Off-Chain Storage and OnChain Permissioning

How can we ensure private data is stored off-chain while managing permissions onchain?

Depending on a DLPs tokenomics, they may want to hold user data in escrow. Other DLPs may use liveness checks and rewards to ensure that user data remains connected, even without holding an encrypted copy of it.

Secure Data Contribution and Encryption

For DLPs and other user-owned data apps that require access to a collective dataset or model weights, Vana users a secured compute node with asymmetric encryption. Users contribute their data by encrypting it client-side with the node's public key. It is decrypted with the corresponding private key held securely on the node.

Code Approval and Community Governance

The trusted compute node can only run code that is approved by the collective. With a community-owned dataset, for example, for a company to pay for access to train on the data, the company (or someone on their behalf) puts up a pull request with the code that they need to run on the secure node.

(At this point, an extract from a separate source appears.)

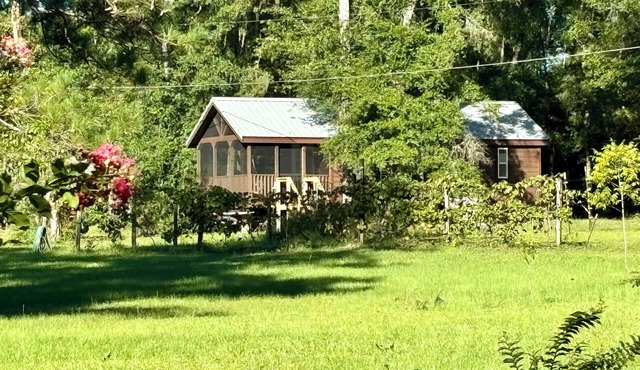 New Lakeside Cabin in Tallahassee, secluded & near town in Tallahassee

This could include code to transmit the data to them, or code to train the model. Note the trusted compute node does not have access to a GPU, so to train larger models, the data requester must setup a secure compute node that that its own private key, then request that an encrypted copy is sent to that heavy compute node. Then, the data requester submits a proposal to the DAO describing what they would like to do.

If the DAO approves the proposal (and code), the pull request is merged and deployed to the node. Here is the code running on the node. However, this still requires trusting that the node operator(s) will adhere to the approved code and not introduce any vulnerabilities.

Ongoing developments

Our current approach is a step towards decentralization, but still relies on trust in the compute node and code approval process. If the node operator, which at this point is only Vana, were to deploy malicious code to the server, or otherwise compromise the private key that can decrypt the data, then the node operator would be able to access the underlying data.

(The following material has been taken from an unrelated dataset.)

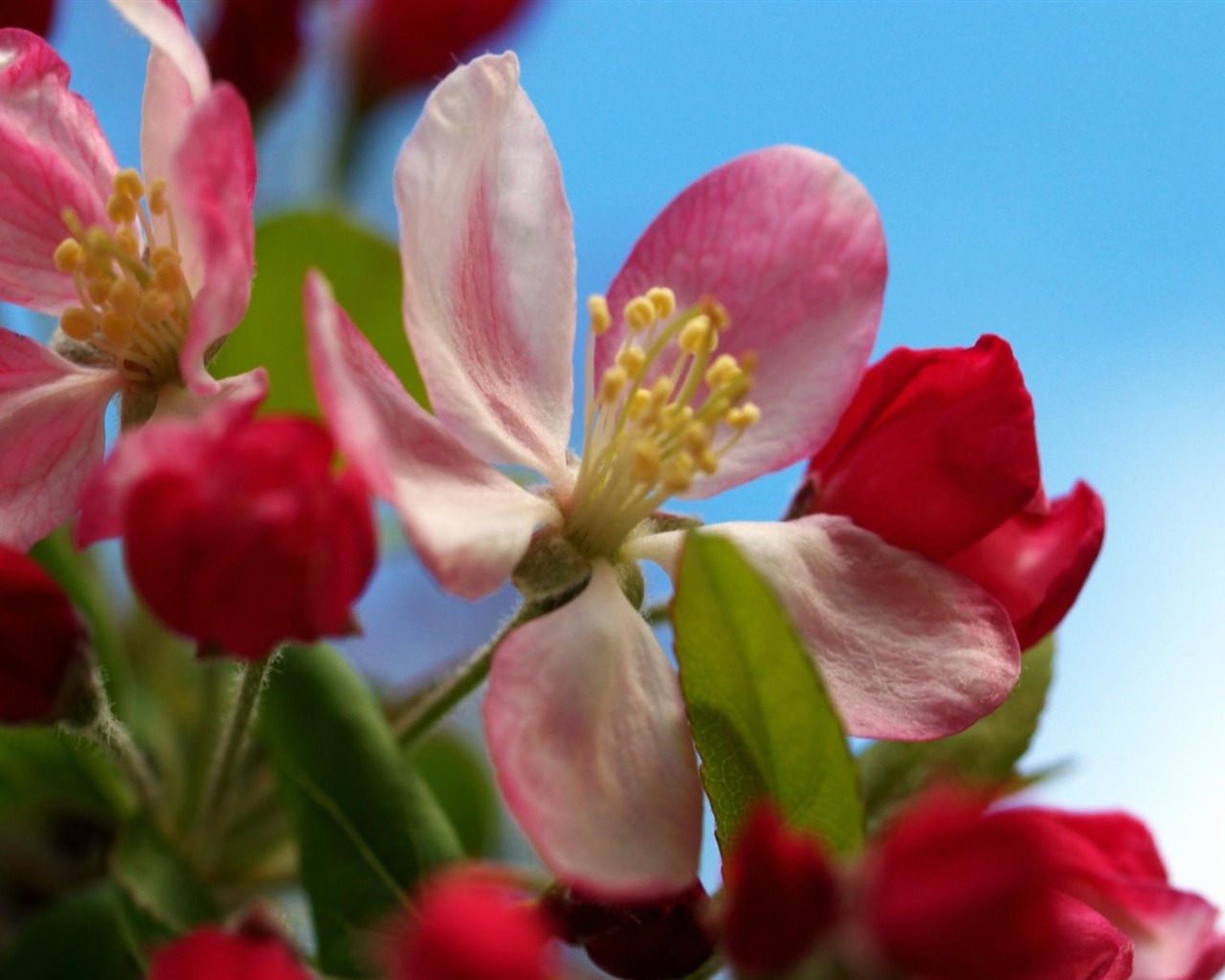 Širokoúhlý tapety květiny close-up (11) #2 - 1280x1024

We are eager to add more secure and decentralized options as fully homomorphic encryption, distributed training, and other privacy-preserving technologies mature. We looked at implementing ways to reduce the trust required by splitting model weights or splitting the dataset across many machines in a way that preserves privacy, but have not found a satisfactory solution, so rely on a trusted compute node today. For example, petals.dev is doing great work letting many users load a small part of the model for distributed inference.